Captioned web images
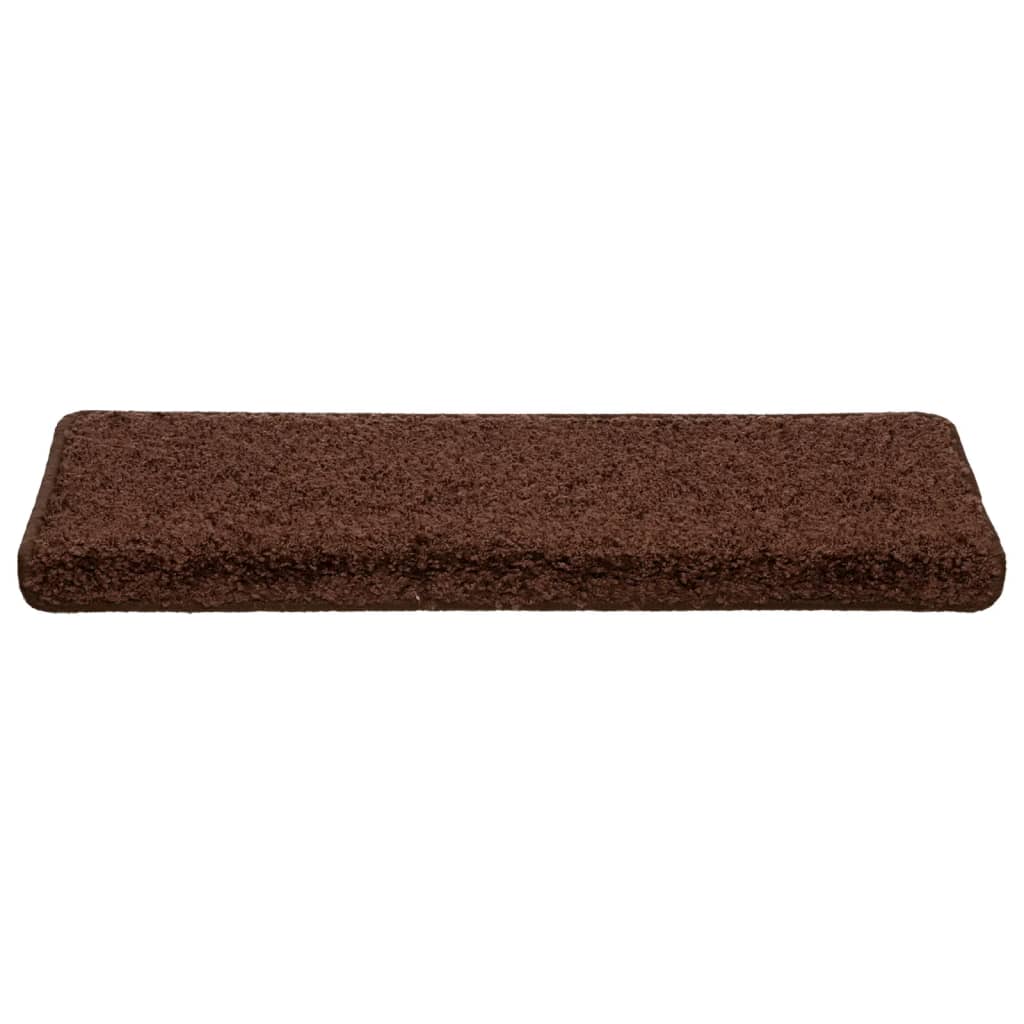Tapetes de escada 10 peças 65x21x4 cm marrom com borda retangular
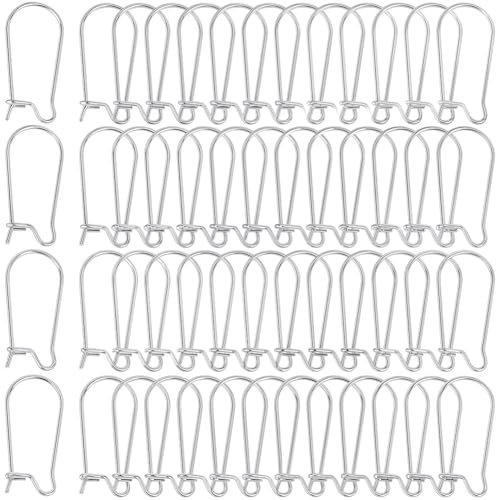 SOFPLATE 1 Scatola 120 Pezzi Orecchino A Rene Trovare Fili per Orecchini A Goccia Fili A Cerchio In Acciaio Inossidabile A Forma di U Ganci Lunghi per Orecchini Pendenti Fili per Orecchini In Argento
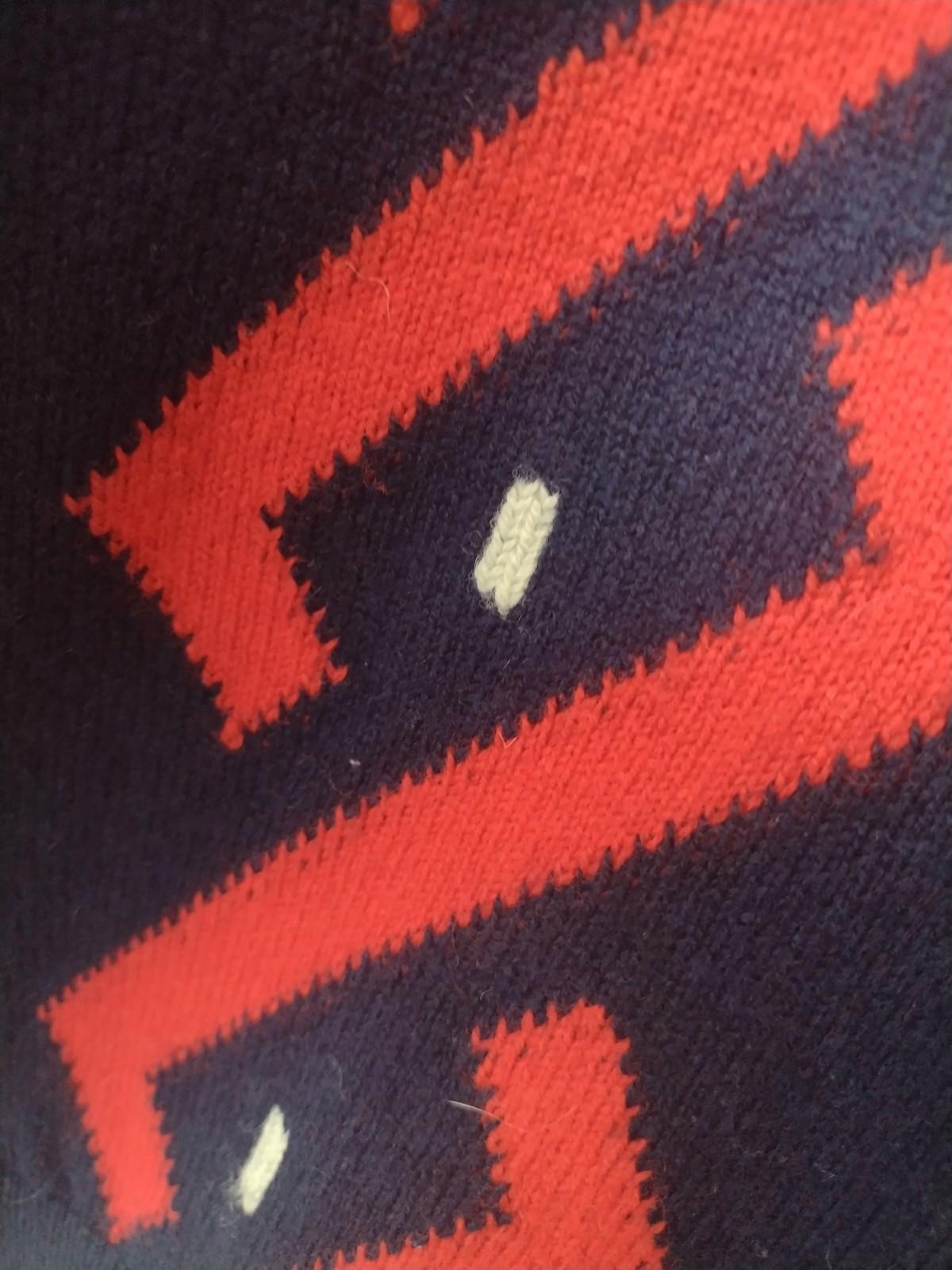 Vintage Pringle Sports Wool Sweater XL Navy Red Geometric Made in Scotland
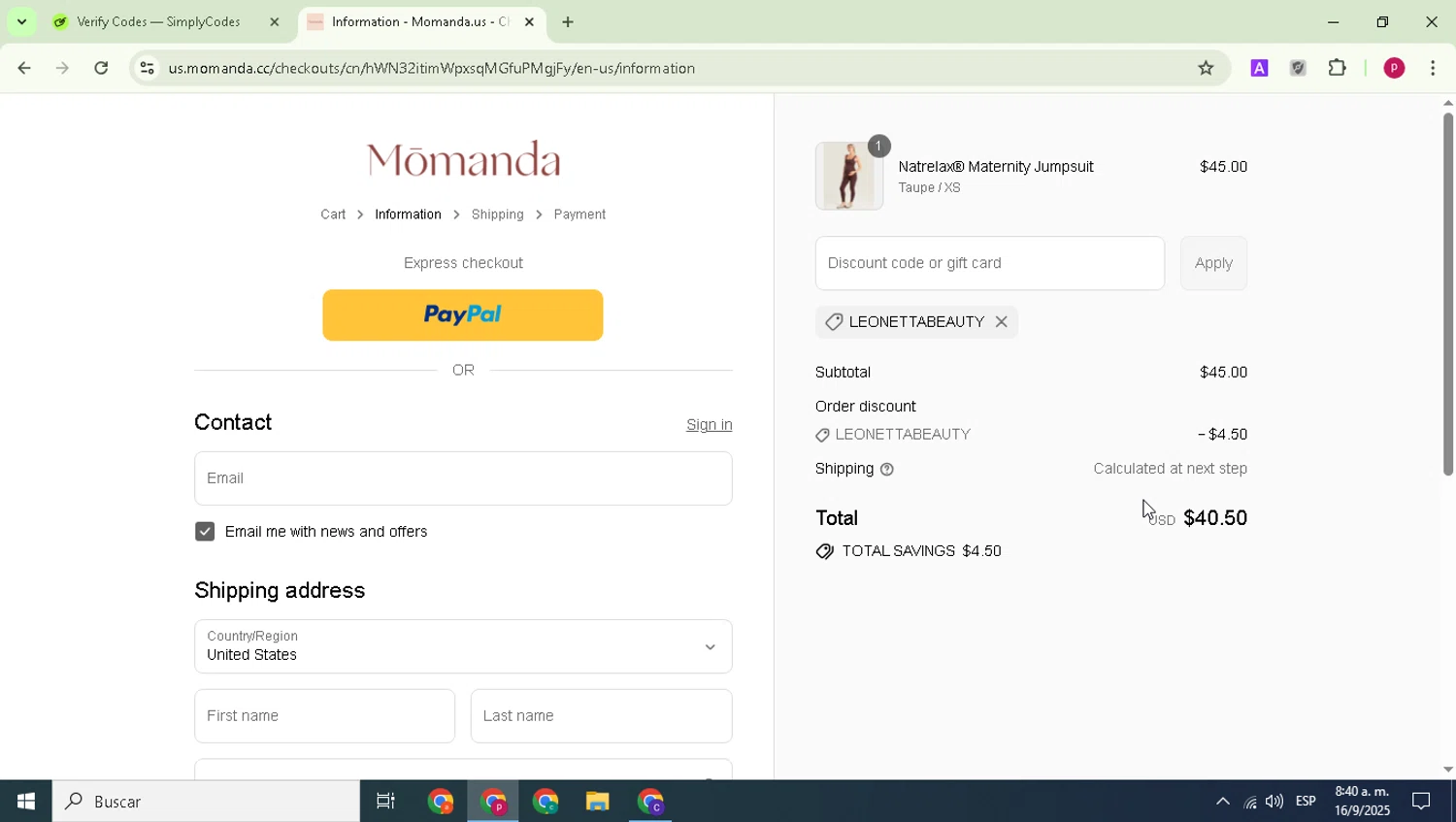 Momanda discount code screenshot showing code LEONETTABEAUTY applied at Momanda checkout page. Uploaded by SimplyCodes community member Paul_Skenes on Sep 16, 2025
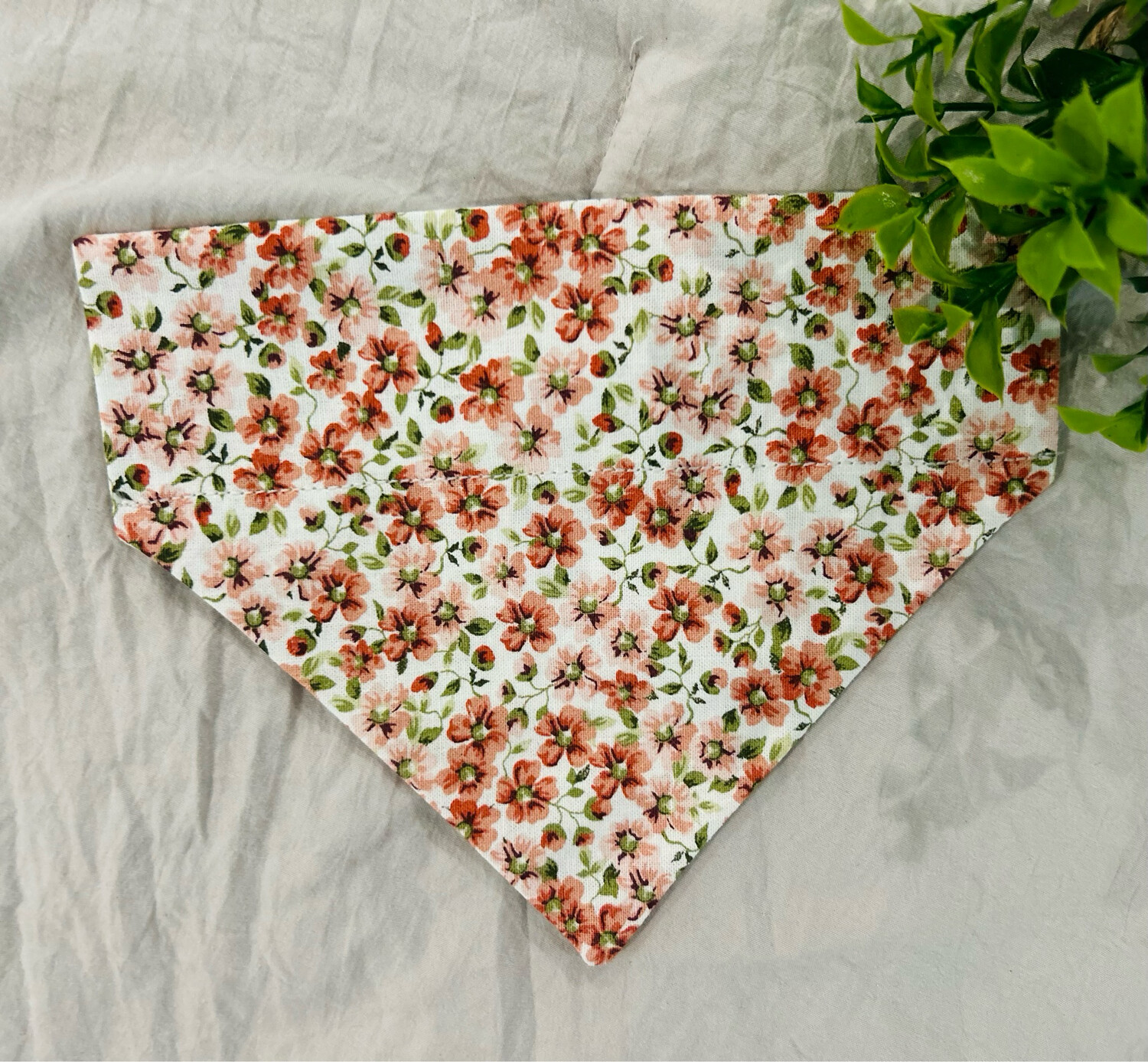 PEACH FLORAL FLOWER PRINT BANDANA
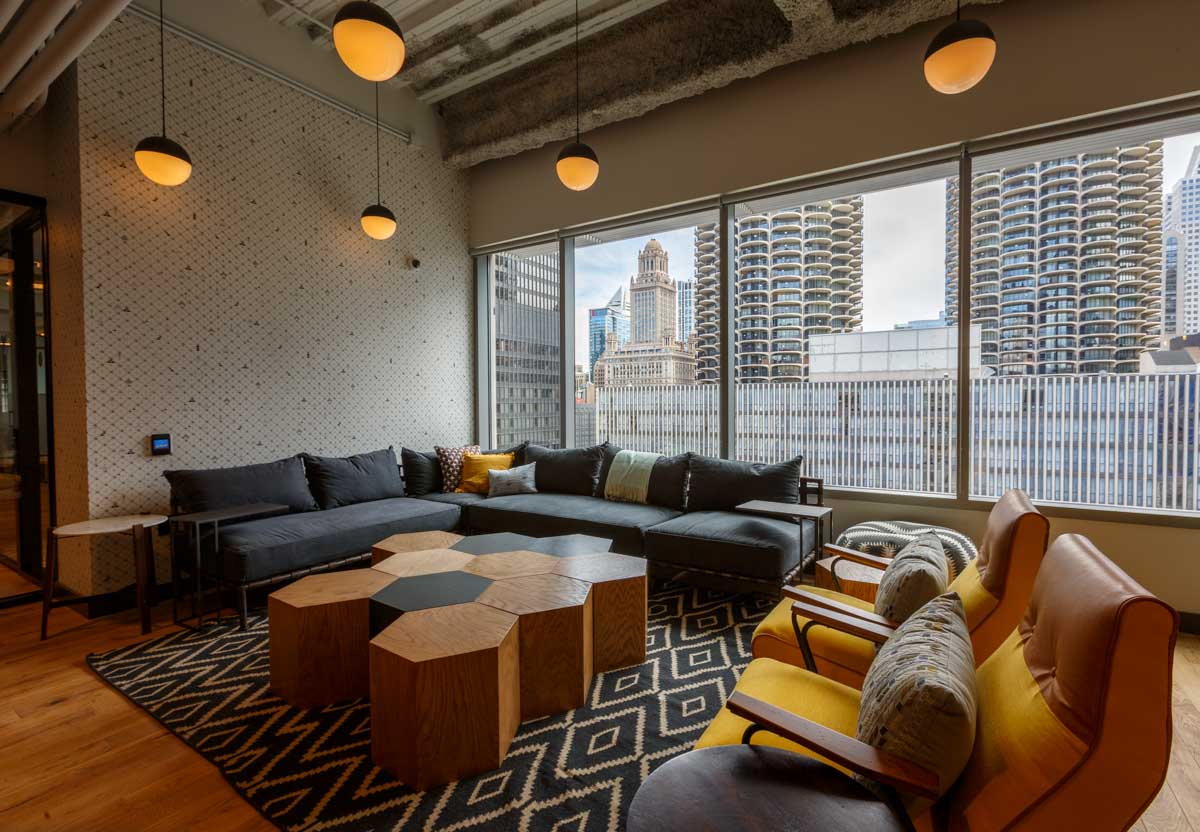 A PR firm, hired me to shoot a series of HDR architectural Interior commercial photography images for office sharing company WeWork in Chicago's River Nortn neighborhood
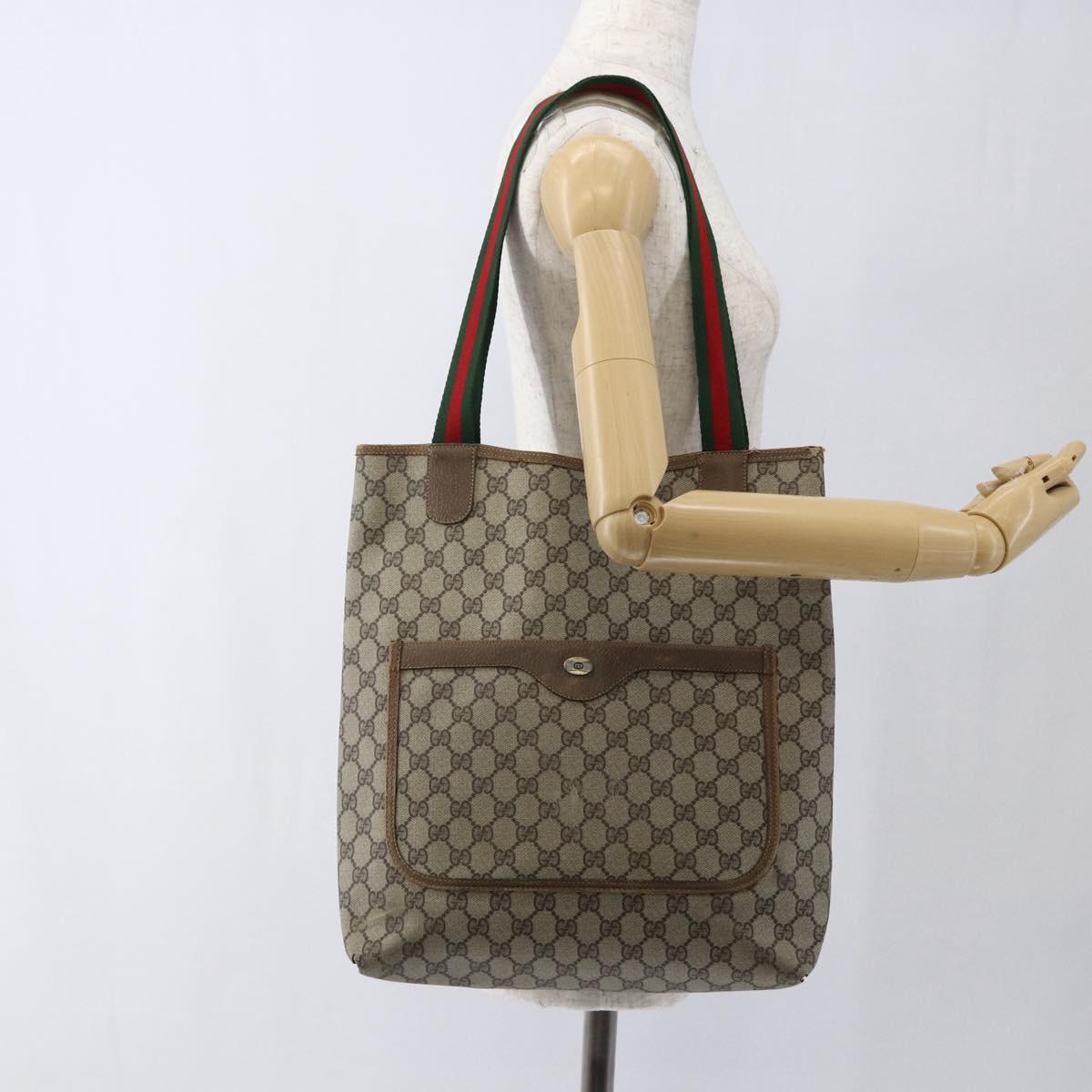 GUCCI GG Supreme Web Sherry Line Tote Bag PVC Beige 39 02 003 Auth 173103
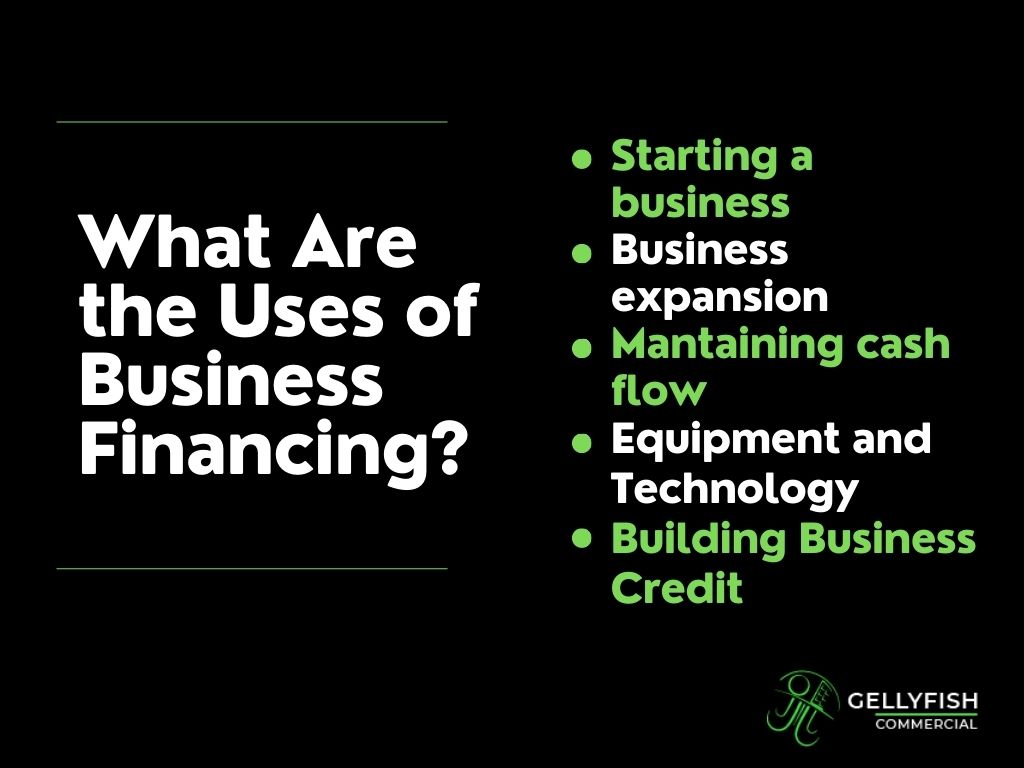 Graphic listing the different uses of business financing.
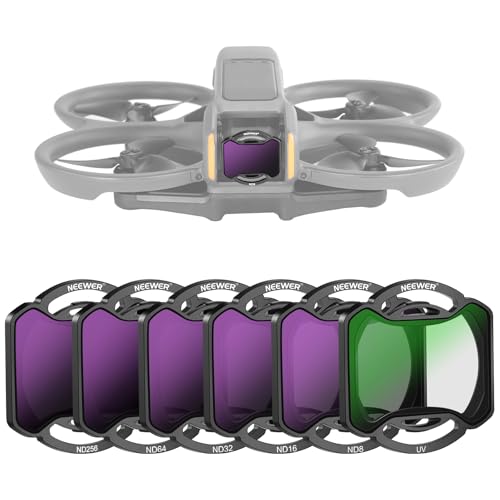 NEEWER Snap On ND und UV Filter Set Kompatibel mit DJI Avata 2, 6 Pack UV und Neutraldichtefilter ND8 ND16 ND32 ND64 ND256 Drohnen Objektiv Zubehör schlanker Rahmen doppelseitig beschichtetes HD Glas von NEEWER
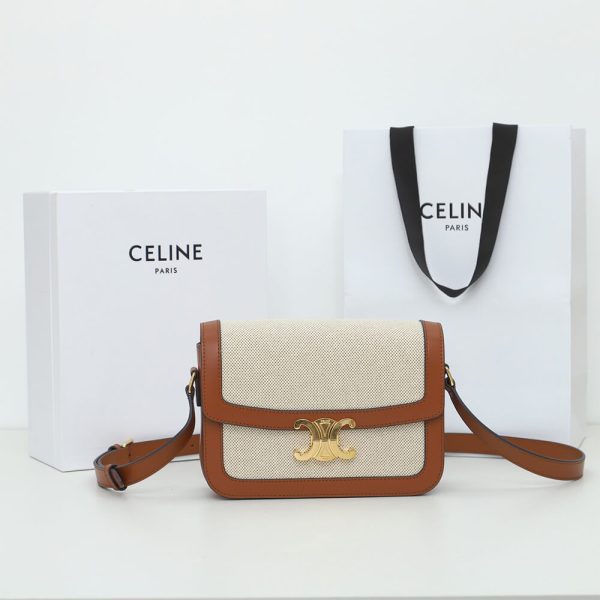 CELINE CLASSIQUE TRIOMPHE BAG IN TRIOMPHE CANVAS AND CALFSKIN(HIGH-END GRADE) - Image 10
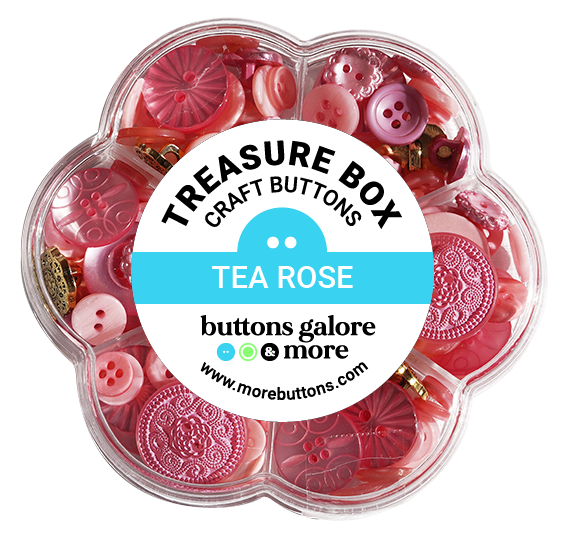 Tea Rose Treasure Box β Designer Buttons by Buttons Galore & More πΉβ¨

Instructions for the task
Repeat the full set of records exactly, and output no pictures.

Answer area
Tapetes de escada 10 peças 65x21x4 cm marrom com borda retangular
 SOFPLATE 1 Scatola 120 Pezzi Orecchino A Rene Trovare Fili per Orecchini A Goccia Fili A Cerchio In Acciaio Inossidabile A Forma di U Ganci Lunghi per Orecchini Pendenti Fili per Orecchini In Argento
 Vintage Pringle Sports Wool Sweater XL Navy Red Geometric Made in Scotland
 Momanda discount code screenshot showing code LEONETTABEAUTY applied at Momanda checkout page. Uploaded by SimplyCodes community member Paul_Skenes on Sep 16, 2025
 PEACH FLORAL FLOWER PRINT BANDANA
 A PR firm, hired me to shoot a series of HDR architectural Interior commercial photography images for office sharing company WeWork in Chicago's River Nortn neighborhood
 GUCCI GG Supreme Web Sherry Line Tote Bag PVC Beige 39 02 003 Auth 173103
 Graphic listing the different uses of business financing.
 NEEWER Snap On ND und UV Filter Set Kompatibel mit DJI Avata 2, 6 Pack UV und Neutraldichtefilter ND8 ND16 ND32 ND64 ND256 Drohnen Objektiv Zubehör schlanker Rahmen doppelseitig beschichtetes HD Glas von NEEWER
 CELINE CLASSIQUE TRIOMPHE BAG IN TRIOMPHE CANVAS AND CALFSKIN(HIGH-END GRADE) - Image 10
 Tea Rose Treasure Box β Designer Buttons by Buttons Galore & More πΉβ¨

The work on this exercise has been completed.